Key methods used by the writer to convey their ideas:
The speaker uses a change in tone to convey how the level of violence has escalated unnervingly
fast, and the gun has power over the man, dominating him and almost tempting him to take more
risks.
The tone in stanza three begins more conversational and casual sounding- ‘At first it’s just
practice’. But this stanza moves very swiftly and suddenly the man changes from harmlessly
shooting inanimate objects to- ‘then a rabbit shot clean through the head.’ By highlighting
this rapid change in her husband through this violent imagery, it shows the hypnotic nature
of the gun as it gains control.
The rapid change in tone that appears in the third stanza highlights the addictive elements of
this weapon, and just how quickly it has hold over the speaker and her partner.
At beginning, speaker afraid of the ‘shadow’ the gun has cast, but by the end finds
excitement in the change it has brought about in her husband.

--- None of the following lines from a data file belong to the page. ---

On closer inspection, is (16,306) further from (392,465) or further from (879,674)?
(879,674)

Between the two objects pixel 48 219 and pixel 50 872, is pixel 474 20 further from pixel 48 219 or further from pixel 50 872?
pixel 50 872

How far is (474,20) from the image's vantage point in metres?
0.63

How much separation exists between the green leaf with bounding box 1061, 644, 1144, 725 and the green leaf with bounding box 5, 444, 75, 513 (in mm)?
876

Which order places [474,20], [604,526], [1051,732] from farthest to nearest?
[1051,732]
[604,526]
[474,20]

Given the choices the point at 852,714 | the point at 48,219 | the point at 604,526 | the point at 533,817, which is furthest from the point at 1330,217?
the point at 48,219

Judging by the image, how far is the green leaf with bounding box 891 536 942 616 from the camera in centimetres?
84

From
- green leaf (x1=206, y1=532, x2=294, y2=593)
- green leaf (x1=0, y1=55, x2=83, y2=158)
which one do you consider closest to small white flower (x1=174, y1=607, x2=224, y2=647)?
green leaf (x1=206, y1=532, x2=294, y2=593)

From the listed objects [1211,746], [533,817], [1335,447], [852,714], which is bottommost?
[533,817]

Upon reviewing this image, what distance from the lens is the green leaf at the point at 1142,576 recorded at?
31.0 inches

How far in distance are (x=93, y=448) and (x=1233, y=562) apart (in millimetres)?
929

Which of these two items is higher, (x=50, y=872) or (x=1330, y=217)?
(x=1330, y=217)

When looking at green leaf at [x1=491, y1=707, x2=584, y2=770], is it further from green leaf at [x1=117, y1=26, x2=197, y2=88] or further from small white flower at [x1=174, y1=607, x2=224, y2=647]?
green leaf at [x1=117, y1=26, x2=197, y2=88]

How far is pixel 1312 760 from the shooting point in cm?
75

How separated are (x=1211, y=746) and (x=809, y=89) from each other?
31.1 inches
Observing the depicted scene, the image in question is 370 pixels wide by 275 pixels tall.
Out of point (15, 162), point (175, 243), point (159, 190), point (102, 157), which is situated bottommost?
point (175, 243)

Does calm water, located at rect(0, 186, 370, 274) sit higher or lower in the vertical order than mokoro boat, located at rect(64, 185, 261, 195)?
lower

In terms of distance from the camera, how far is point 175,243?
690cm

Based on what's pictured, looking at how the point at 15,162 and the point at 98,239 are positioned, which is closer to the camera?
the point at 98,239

Anaphora in the opening line: ‘bringing a gun into a house changes it.’ Towards the end
however: ‘A gun brings a house alive’. This is a very unnerving thing to say after the
previous stanza filled with dead animals and merciless killing.
Ominous dark imagery to suggest the potential danger and power of the gun:
‘Stretched out like something dead’- Although it is inanimate, and even in this simile
appears dead, there is something lifelike about the object. It has an inherent sense of danger
around it, just like a wild animal would. These lines cast the gun in a negative light, making it
seem as though one should be afraid of its presence.